YOUR INSTRUCTIONS = Your job is to print, exactly, the lines in the data below from the line with "Flerfarget v:3445313 Middagsservise" through the line with "Apartment for sale", both included, and to omit any picture.

GIVEN INFORMATION =
•••

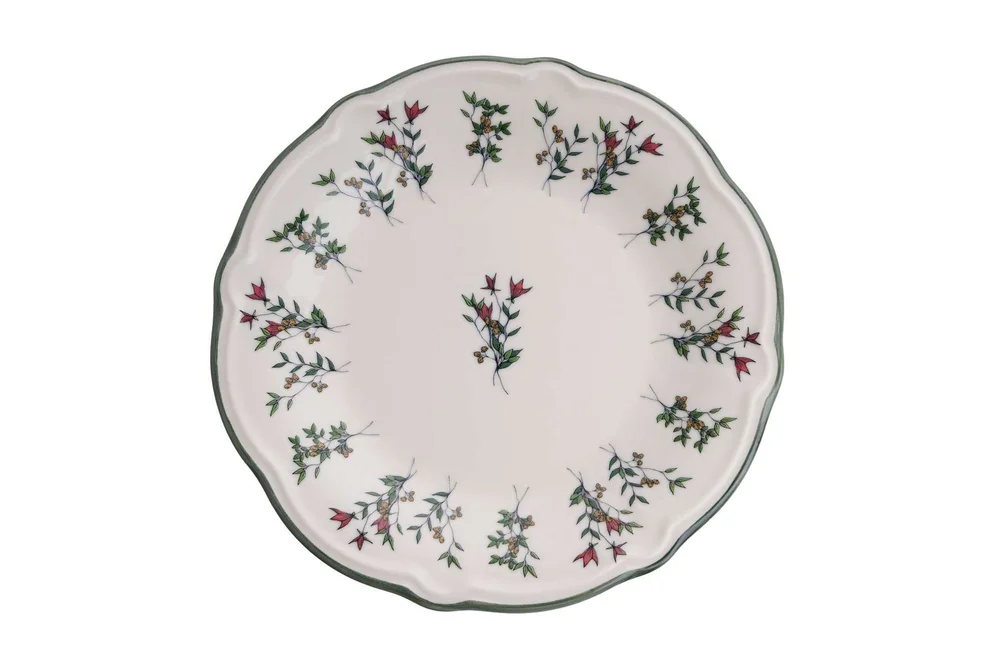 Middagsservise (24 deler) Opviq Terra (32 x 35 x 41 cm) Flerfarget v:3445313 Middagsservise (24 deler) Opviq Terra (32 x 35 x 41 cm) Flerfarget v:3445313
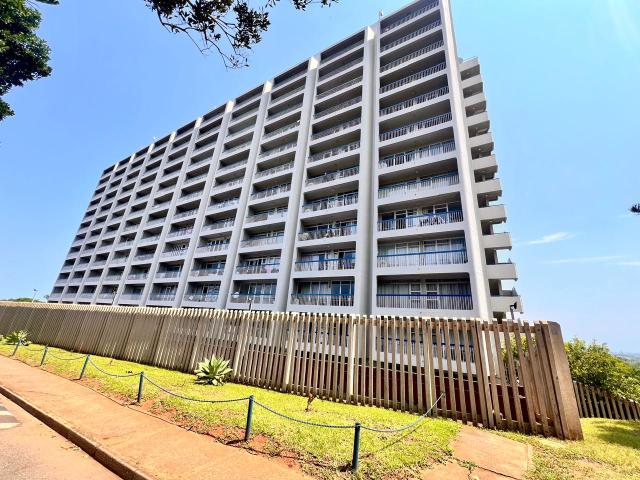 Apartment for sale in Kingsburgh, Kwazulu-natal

•••

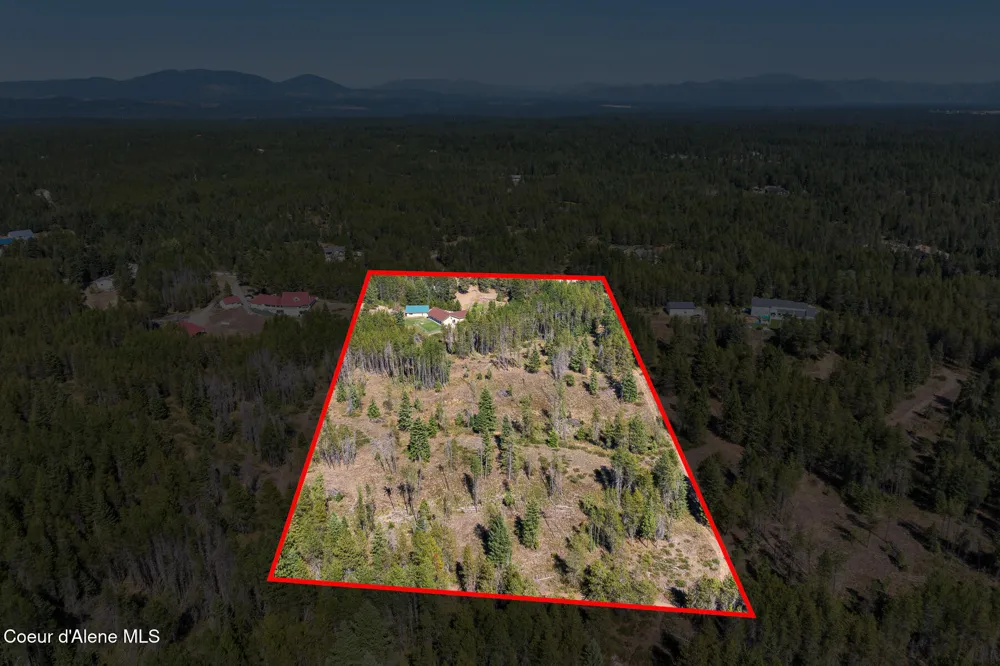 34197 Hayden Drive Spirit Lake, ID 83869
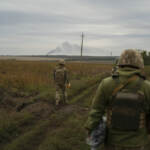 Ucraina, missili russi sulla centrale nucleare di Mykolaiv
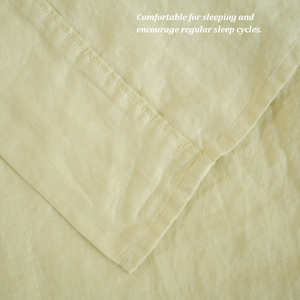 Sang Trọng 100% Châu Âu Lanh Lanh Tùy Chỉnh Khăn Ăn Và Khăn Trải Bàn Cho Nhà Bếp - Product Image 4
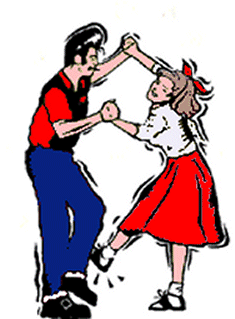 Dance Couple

•••

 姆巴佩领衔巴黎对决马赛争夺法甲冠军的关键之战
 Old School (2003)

•••

ANSWER BOX =
 Middagsservise (24 deler) Opviq Terra (32 x 35 x 41 cm) Flerfarget v:3445313 Middagsservise (24 deler) Opviq Terra (32 x 35 x 41 cm) Flerfarget v:3445313
 Apartment for sale in Kingsburgh, Kwazulu-natal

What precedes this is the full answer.